By July 28, 2020 No Comments

Fraudsters are always looking for new ways to separate you from your money. The way they get it is often the same; they send you something that stops you in your tracks, something that gets your emotions up; something alarming, concerning, or that gets your ire up, even something that brings out our best qualities of compassion and willingness to help. They use our emotions to get past our poise and critical thinking.

Any time you get a message about something that gives you a feeling of the immediate need to react, recheck it; read it carefully to see if there are any indicators that your emotions might be clouding your judgment.

Be Aware

Fraudsters usually begin by trying to trick you into compromising your computer or password, but not every time. In this scam, they claim that they have already accessed your computer. They claim that they found some very personal emails, pictures, videos, or activity online that you would not want others to see, it can be anything. And of course, if you pay them quickly, they will not tell anyone.

The lie they are selling is often supported by them appearing to send the email from your account. Anyone can send an email using another person’s email address (spoofing, or “email forgery”) – they just send the email using the same email address in the “From:” and “To:” field; yours. And they do the same thing to millions of others just like you.

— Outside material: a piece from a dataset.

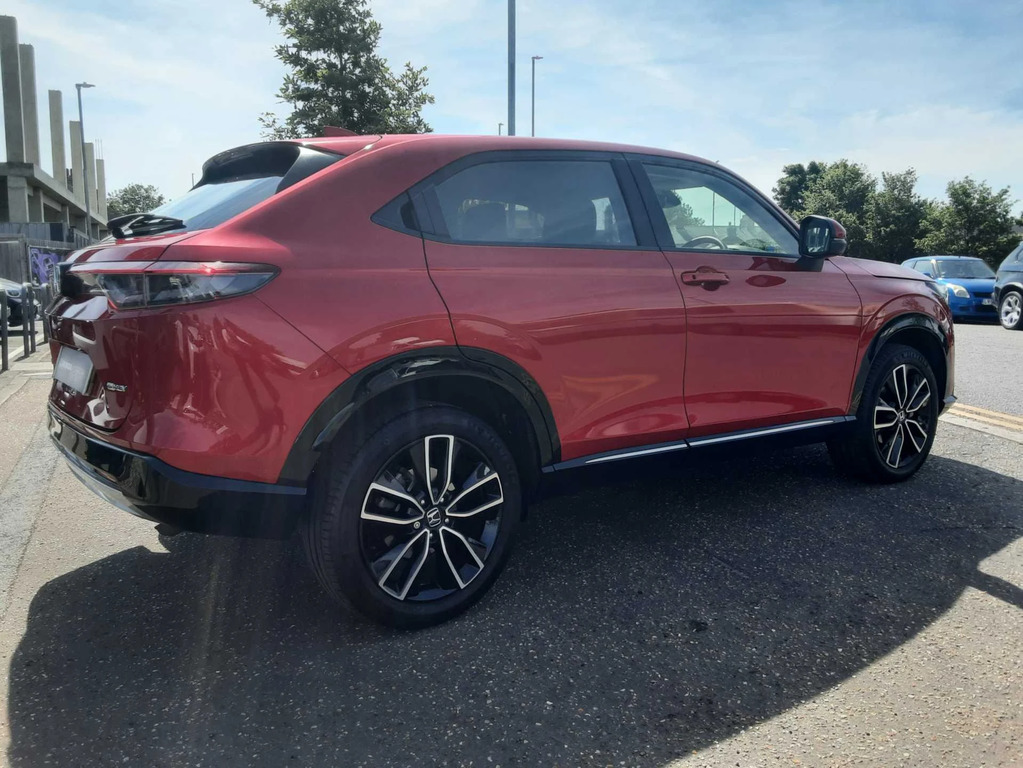 Honda Hr-V 1.5 I-mmd Advance Cvt Red #5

Their aim then is direct and all too straightforward; ransom for a price. They often ask for a payment to a specific crypto-currency address, mostly BitCoin. If you pay them before a clock runs out, they won’t follow up on their threat, but it is always there.

If you look at their scam, the criminals don’t have to do much. They don’t have to; compromise your computer or account, sift through anything or try to organize what they find to use against you later, find out who they could blackmail you to. All they need to do is send millions of emails and sit back, waiting for the money to come in. Their hope is that someone, caught at the right time, already worked up about something or distracted will fall for it- let their emotions carry their judgment away, and believe that the fraudster can cause some trouble – or “just maybe,” and their clock is ticking.

Be Skeptical

Some people just work on the possibility that the fraudster has what they say so- they are actively skeptical, but fall to the emotional doubt the message has given them; thinking “Better to be sure” and still pay the ransom.

Don’t doubt yourself. If you aren’t sure, think it through. These sorts of schemes are designed to create doubt. It’s a number game to them. They hope you’re one-in-a-million. You don’t want to be that unlucky number.

Be Prepared

Email-based fraud is almost always based on social engineering, not technology. Social engineering is the art of convincing you to do something that is not in your best interest, by making you think that it was your idea. Social engineering attacks can be spotted as they contain these three items; and unexpected or sudden change or request, a sense of urgency, and some form of consequence.

Anytime you are presented with something that makes you panic, it might be someone trying to stop you in your tracks and prevent you from thinking it through. If they have compromised your computer, why did they have to email you? Did they give any specific examples of the “dirt” they have on you? Did you really do what they claim that you did?